Les contradictions que suppose ce déplacement relatif à la façon dont Foucault se sert de la perspective de l’expérience élaborée par Bataille sont, sans aucun doute, significatives. Pourtant, elles ne doivent pas nous empêcher de saisir son importance. Au contraire, elles devraient plutôt nous permettre d’observer ce que ce déplacement révèle en termes conceptuels : si l’exercice de la liberté que Foucault associe à l’expérience fait appel, au début, à une dissolution du sujet, celui-ci finit par prendre la forme d’une spiritualité qui implique une action de la part du sujet. Cette approche de la spiritualité, malgré l’hésitation qu’elle put avoir provoquée quand, à un moment donné, Foucault l’a pensée en termes de spiritualité « pure » qui ne produit rien, comme en témoigne son « journal intellectuel », aboutit à une problématisation de la liberté conçue en termes d’action productive dont le résultat est la constitution de la subjectivité.
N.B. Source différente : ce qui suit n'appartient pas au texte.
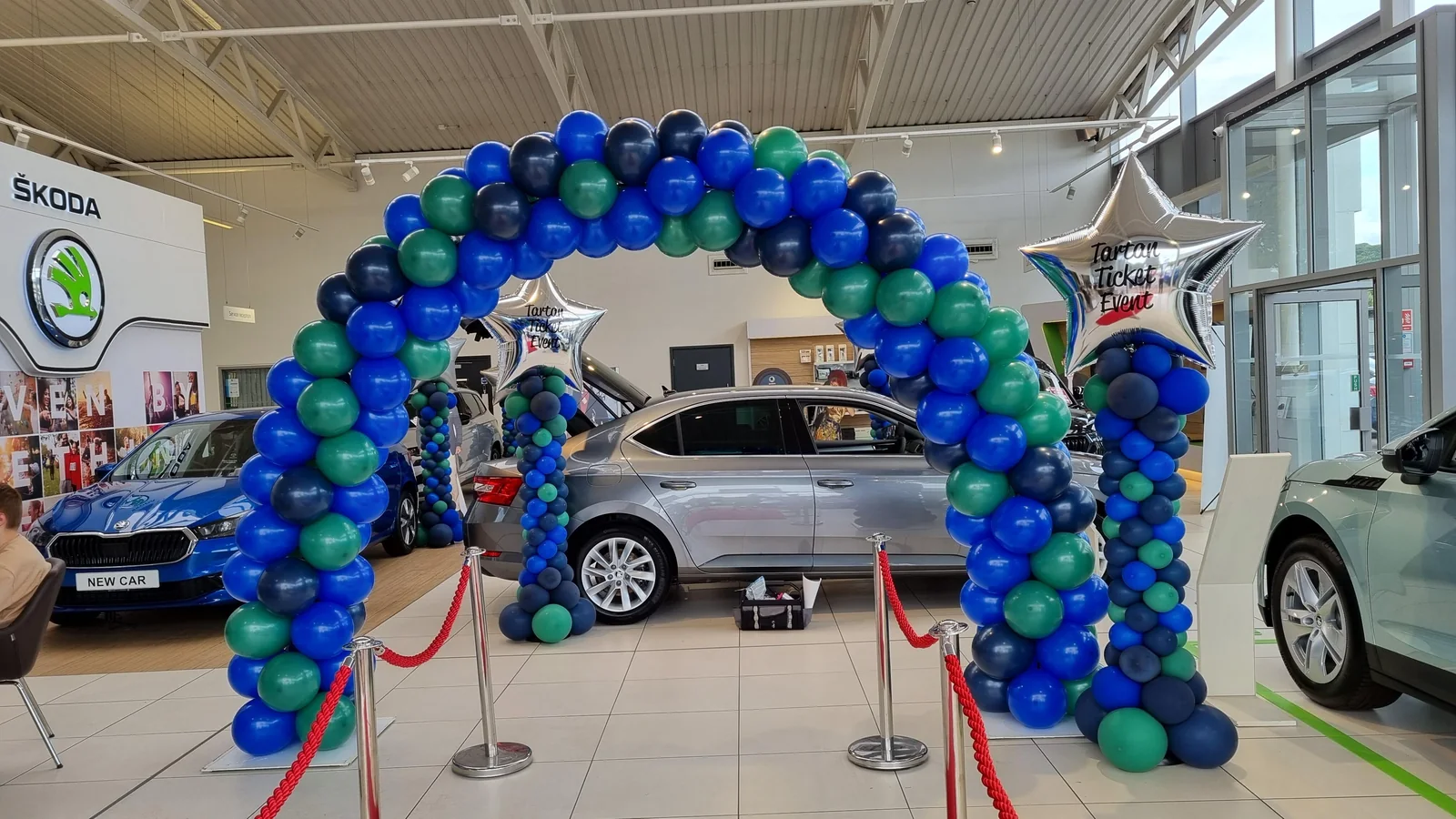 Indoor balloon arch in a car showroom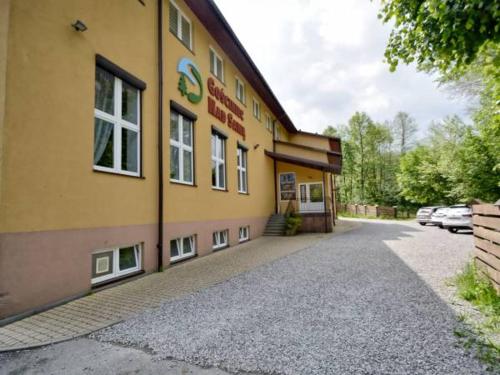 ein gelbes Gebäude mit einem Schild an der Seite in der Unterkunft GOŚCINIEC NAD SAWĄ in Handzlówka
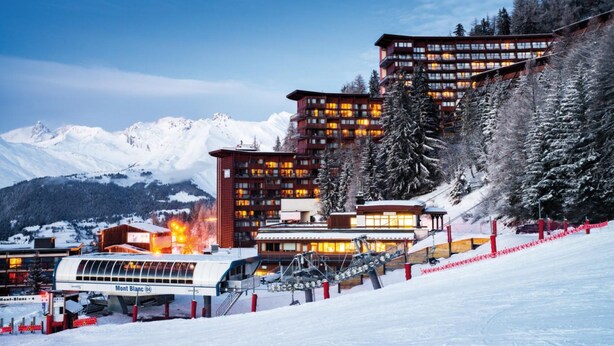A snow-covered mountain resort with modern buildings, a ski lift, and a gondola lift. - Résidence Le Varet (Bourg-Saint-Maurice)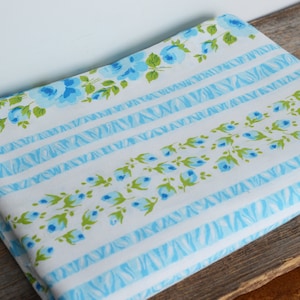 May include: White fabric with blue and green floral pattern. The fabric has blue and white stripes with a zig-zag pattern.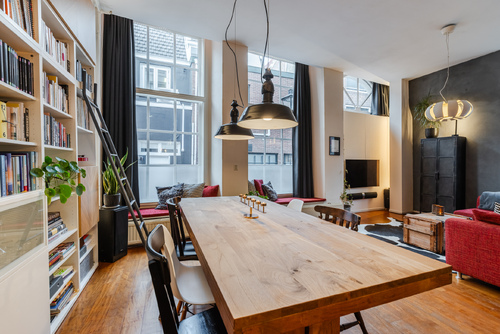 De ruime woonkamer met open keuken heeft veel lichtinval en een prachtig uitzicht op het water.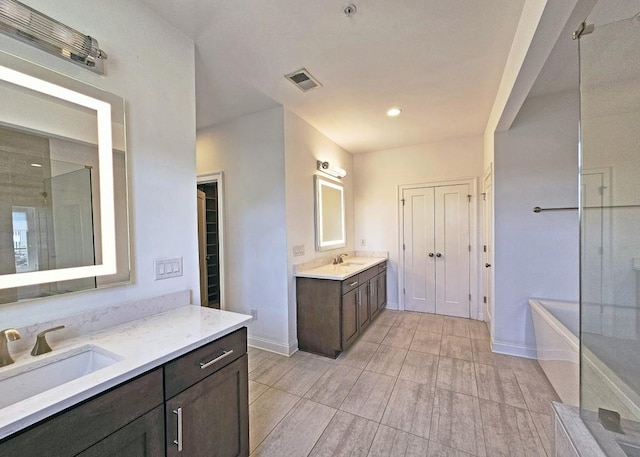 bathroom with separate shower and tub and vanity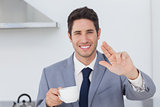 Cheerful businessman waving at someone in the kitchen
La portée politique de cette action demeure encore difficile à comprendre, notamment lorsqu’elle est interrogée au-delà du diagnostic historique, c’est-à-dire lorsqu’elle n’est pas l’objet d’analyse de la description historique que Foucault lui-même mène, qu’il s’agisse des Grecs ou des chrétiens[83]. Probablement, ceci est dû au fait qu’elle a encore besoin d’être précisée. Une chose pourtant est claire : la transformation de soi que Foucault conçoit comme une dimension de la spiritualité, et aussi des dynamiques de subjectivation, peut très difficilement donner lieu à une « inopérosité[84] ». Nous l’avons bien observé et c’est là que se joue la réinterprétation de Bataille que Foucault fait au tournant des années 1980 : au moyen de l’expérience, l’individu se modifie lui-même parce qu’il agit et, ce faisant, il produit un certain résultat qui a un effet sur lui-même. C’est donc l’action, et non son contraire, qu’il faut repenser si l’on veut développer la réflexion sur la dimension politique que Foucault associe à la spiritualité.